橋本関雪は著書の中で≪写生≫について、次のように言っています。
『写生をするとか、古画を観るということは、必ずしも一つの作品を作る場合の準備行為ではない。自分の素地を作り上げる、
作家としての修養である。題材を捉えてから、写生に奔命し、参考書に没頭するような態度で渾然とした藝術境の開けるものではない。
のみならず、あまり下絵とか写生に力を入れると、そのほうに甘味をとられて、いよいよ本紙に向かったとき、熱が乏しくなって
その残滓ばかりが残るような消息もある。』
耳の痛い言葉です。また加山又造先生は、著書の中で、次のように言っています。
『私は、絵をつくる者は、絵がわからなくてもよいと思っている。つまり、よい鑑賞者である必要はない。
それどころか、鑑賞者の立場に立ってしまえば、もうそれだけで、負の立場になり、絵はつくれない、と思いこんでいる。
(略)
絵がわかれば、こわくてちっとも筆は動かないであろうし、ましてや自分の絵を発表できるものではない。

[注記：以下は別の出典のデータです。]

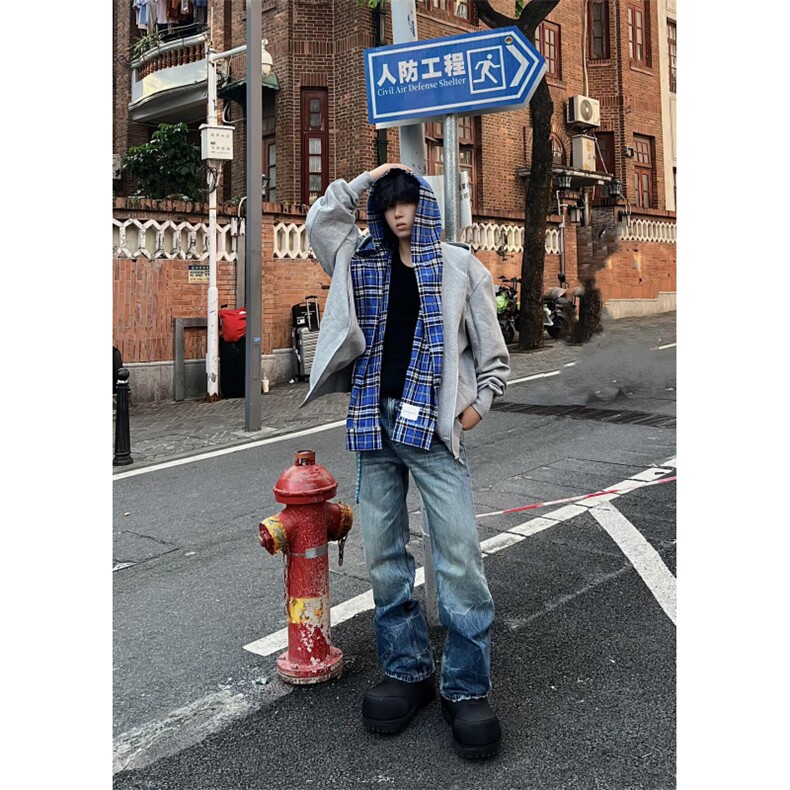 【有货】假两件格子拼接卫衣男款设计感连帽开衫外套JL97LL-特P68,男装卫衣,星座1007（原301D）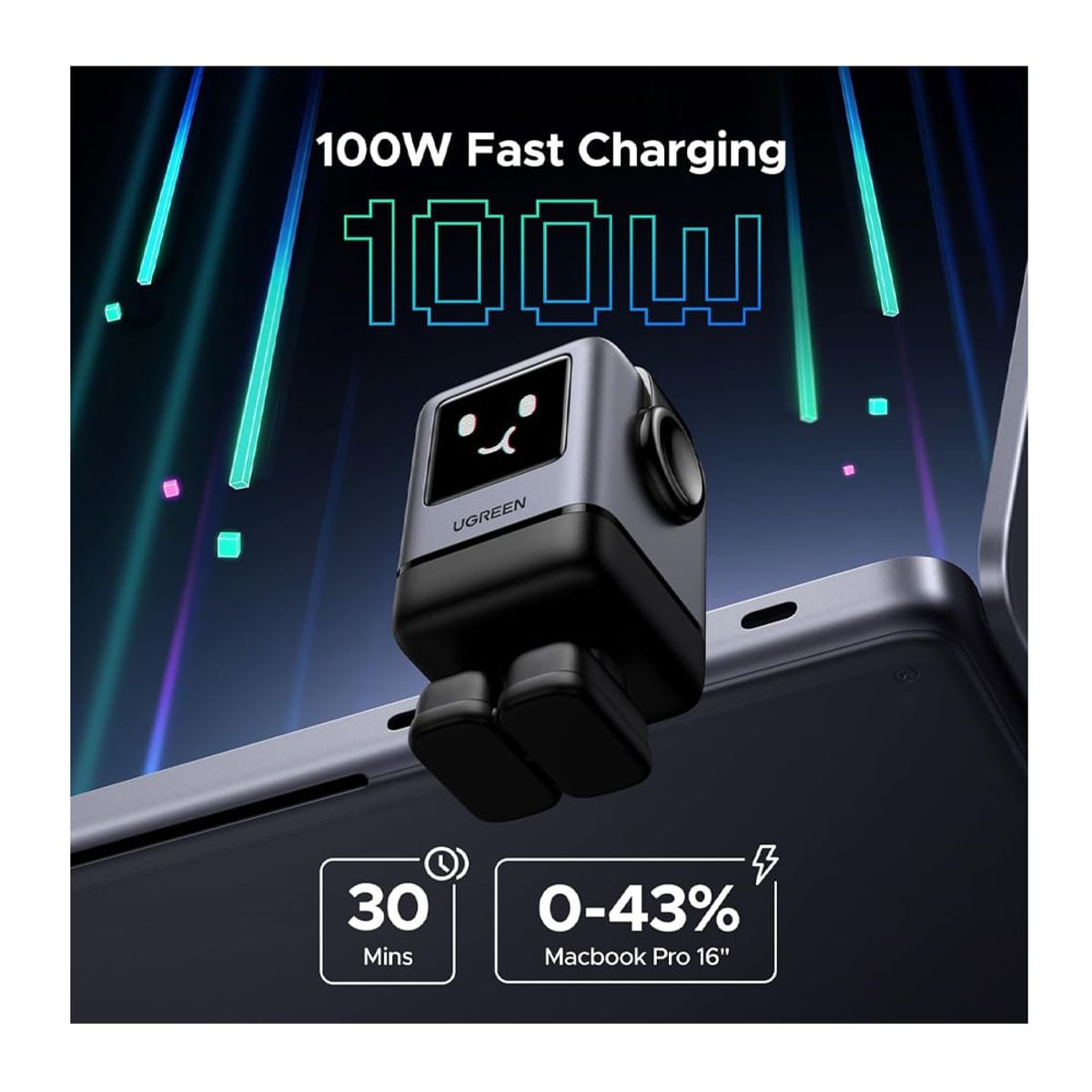 UGREEN - Cargador Ugreen Robot 100w Tipo C Rapida Color Negro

ただ昨日、造ったものを、人に見てもらいたいだけ、いい、わるいは結局どうでもよい、「何に対してどうよい」などとは考えなくて良い。(略)
絵を造る者としての自分はそれでよいと思う。』
これもまた、耳の痛い言葉です。たぶん私はこの2つのトラップに落ち込んでいます。ここから脱出しなければ・・。